Provided material below:
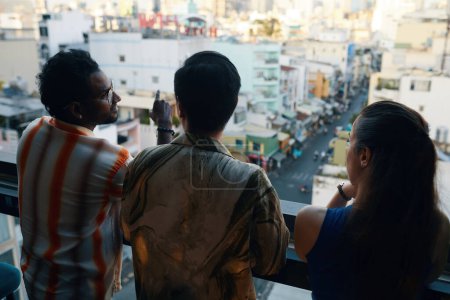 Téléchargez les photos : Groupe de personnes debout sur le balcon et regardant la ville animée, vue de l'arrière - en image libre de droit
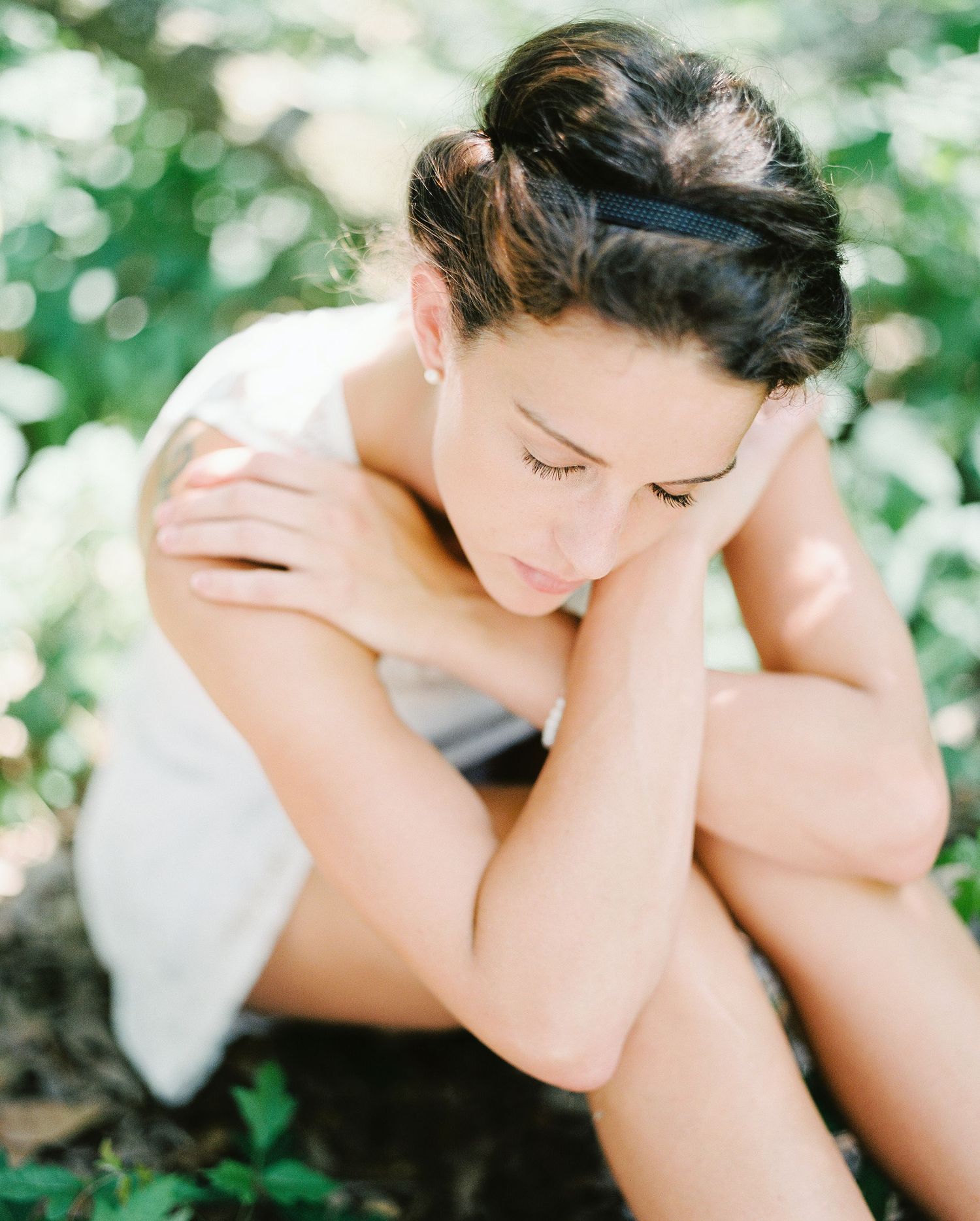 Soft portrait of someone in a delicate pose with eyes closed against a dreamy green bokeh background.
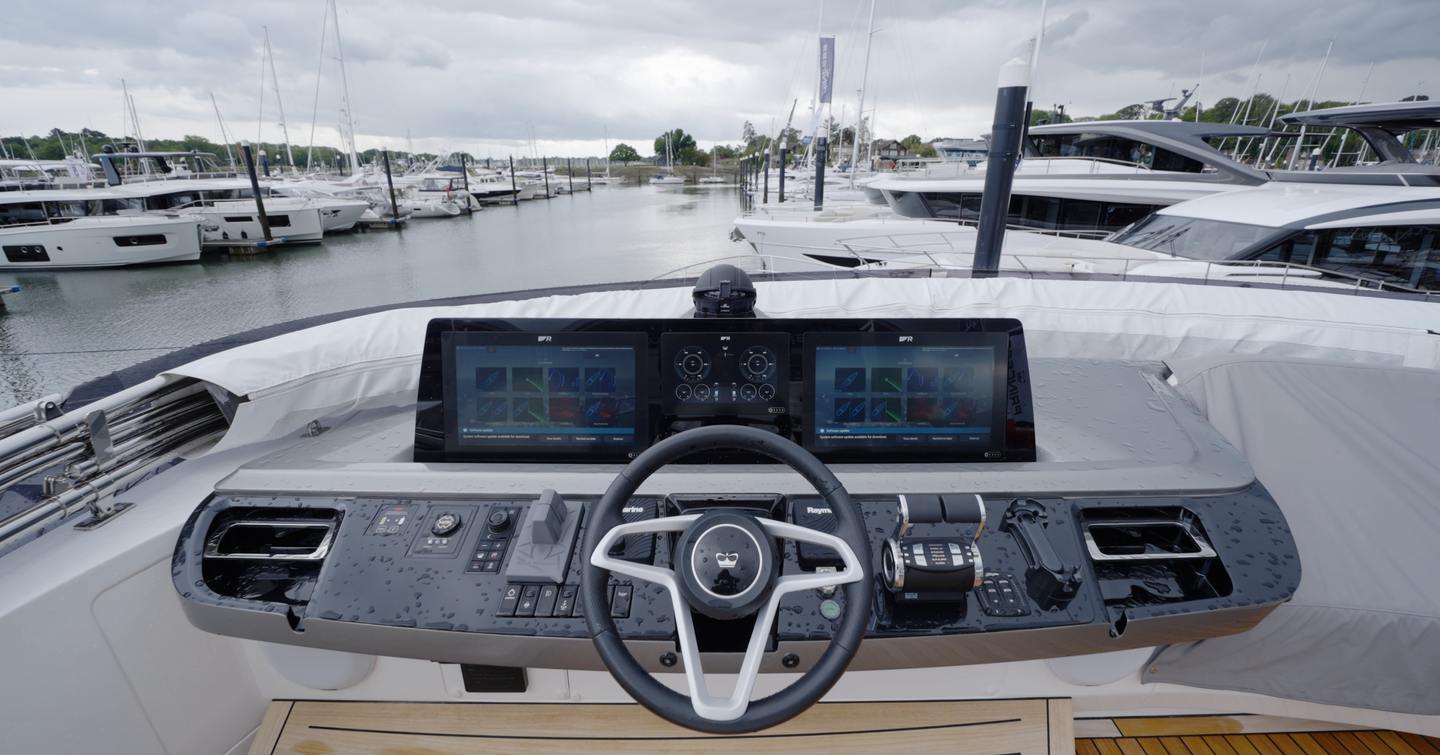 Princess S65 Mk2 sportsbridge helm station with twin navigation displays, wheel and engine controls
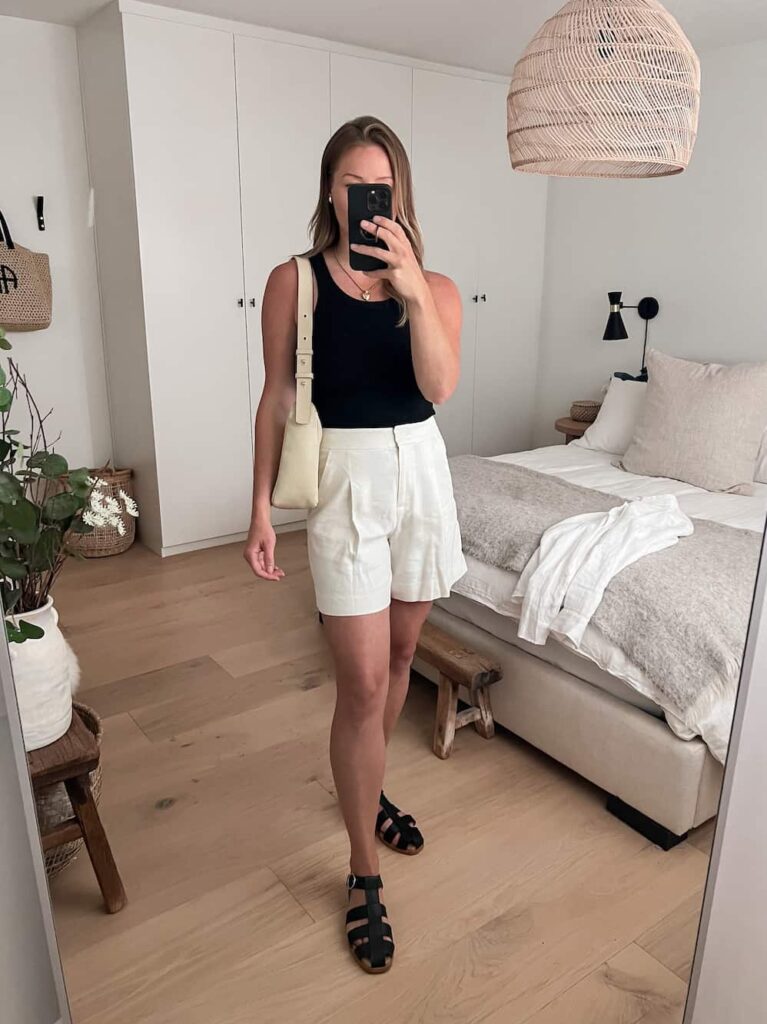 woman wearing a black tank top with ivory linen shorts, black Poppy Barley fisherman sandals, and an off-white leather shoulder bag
End of Provided material.
Description of the task: Nothing but the pictures should be left out when the listing is repeated exactly.

Final answer:
 Téléchargez les photos : Groupe de personnes debout sur le balcon et regardant la ville animée, vue de l'arrière - en image libre de droit
 Soft portrait of someone in a delicate pose with eyes closed against a dreamy green bokeh background.
 Princess S65 Mk2 sportsbridge helm station with twin navigation displays, wheel and engine controls
 woman wearing a black tank top with ivory linen shorts, black Poppy Barley fisherman sandals, and an off-white leather shoulder bag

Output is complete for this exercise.